Actually I read that yesterday BlackSunchine when I was doing my search on the pellets. You could be on to something. However, that is only one review and it came from the manufacturers website so I'm still not convinced.

When I was reading the review, they did bring up some good points. And I will be adding the pellets to my Pygos diet.

Hater


----------



## Sheppard (Jul 8, 2004)

Great infor on pellets guys! 
For the life of me I cannot get my Pygo's to eat pellets. I would be so very proud of them if they would just do it!

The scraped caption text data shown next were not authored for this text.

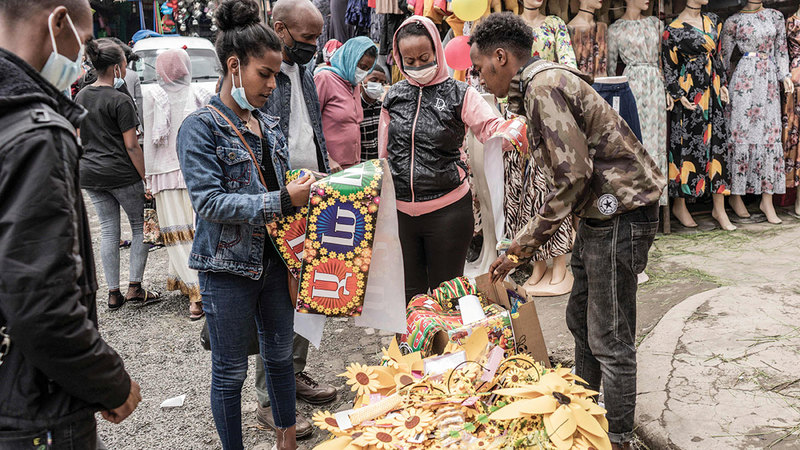 مشترون يلتفون حول بائع ديكور منزلي استعداداً للعام الإثيوبي الجديد.  أ.ف.ب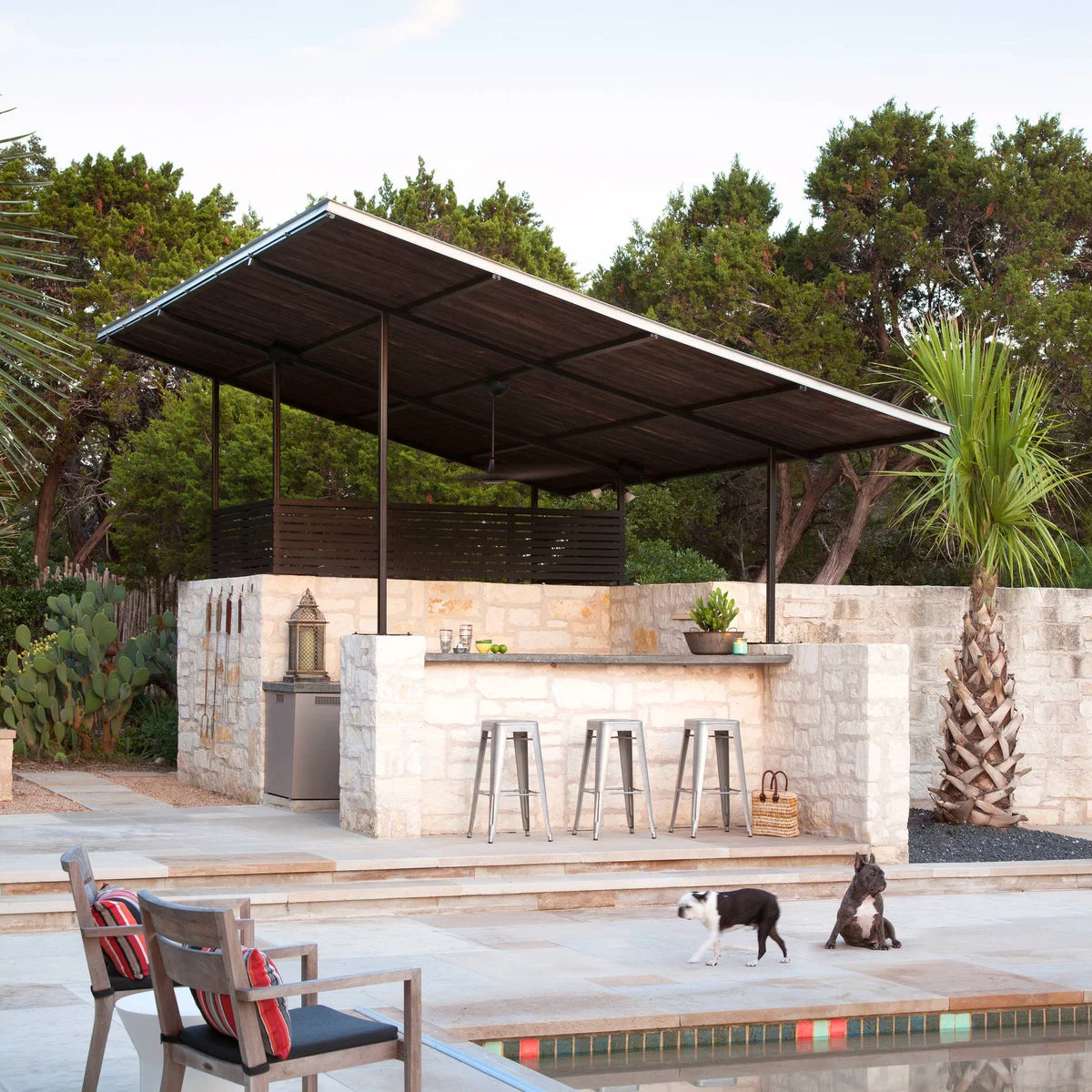 Small stone-faced outdoor bar with three metal stools beneath a single-slope roof and timber screening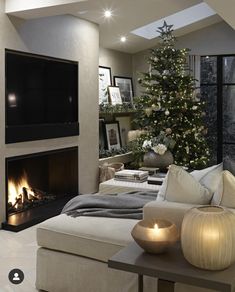 a living room with a christmas tree in the corner and candles on the coffee table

Is there any way you guys trained them to eat pellets? Or did you just get lucky and they ate them willingly?


----------



## RAZOR_TOOTH (Jun 22, 2006)

Ive been feeding by Ps the regular Hikari Gold pellets, Ill have to switch to the bio gold now if its that good..
Thanks for the info...

R.T.


----------



## Hater (Apr 21, 2006)

Sheppard said:


> Great infor on pellets guys!
> For the life of me I cannot get my Pygo's to eat pellets. I would be so very proud of them if they would just do it!
> 
> Is there any way you guys trained them to eat pellets? Or did you just get lucky and they ate them willingly?

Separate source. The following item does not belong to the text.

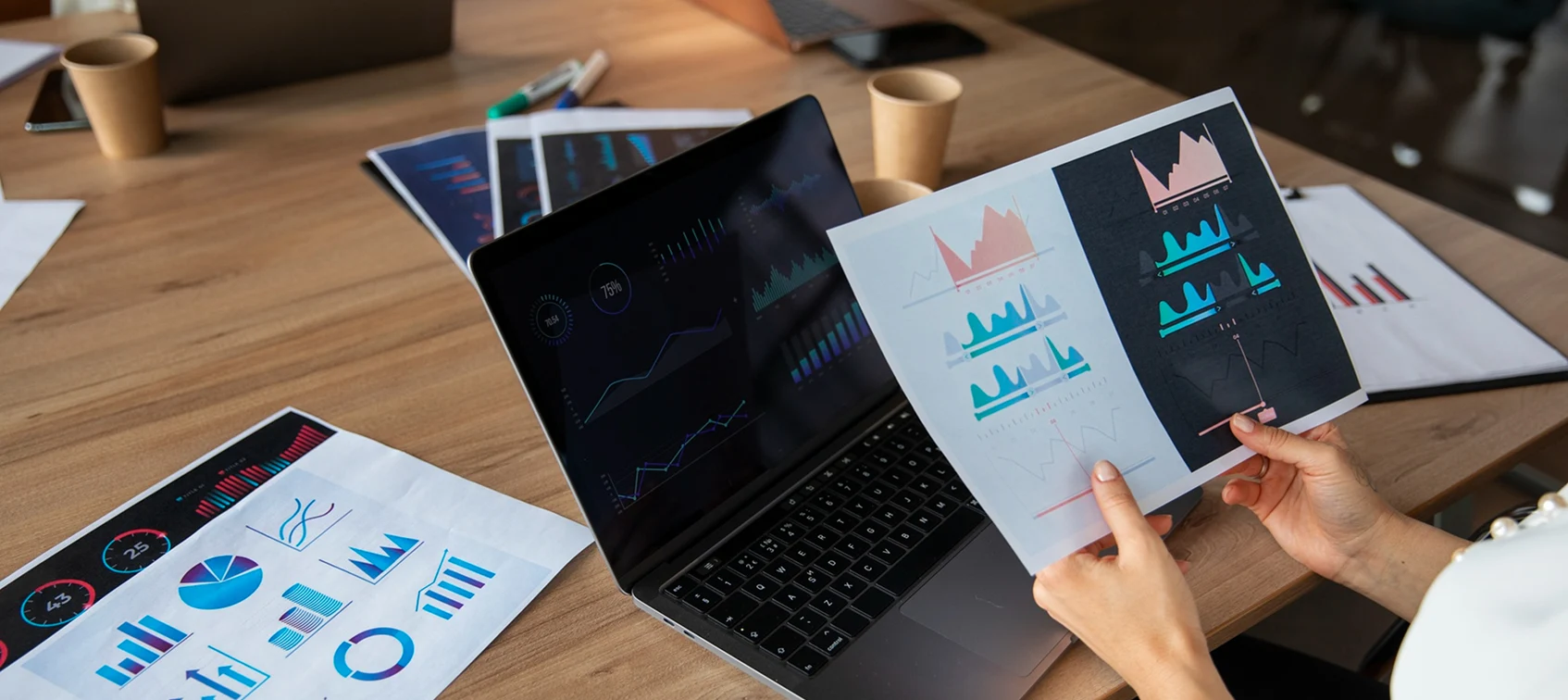 Person analyzing graphs and charts on a laptop and printed papers at a wooden desk.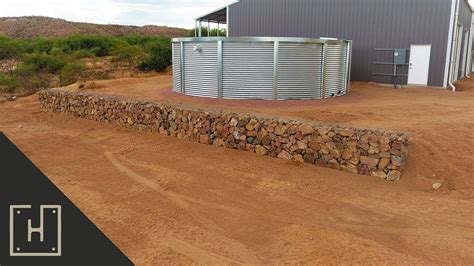 Rough and industrial in the best ways, these walls can add a major dose of textural interest to landscapes and — depending on what's used to fill them — can help keep rocks and leftover construction materials out of landfills. INEXPENSIVE AMAZING DIY GABION RETAINING WALL - YouTube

Sheppard, I'm afraid that starvation and patience is the key.

I starved my fishes for 3 days, waited till night time and threw in some pellets. Some of the Piranhas took to them and some didn't.

The next day I did the same thing and the day after that until finally they all came around. Now they go crazy for them.

I would recommend a mixture of pellets and from what I've read, Hikari Bio Gold and New Life Spectrum are the best brands out there. I would recommend a combination of both.

Hater


----------



## Sheppard (Jul 8, 2004)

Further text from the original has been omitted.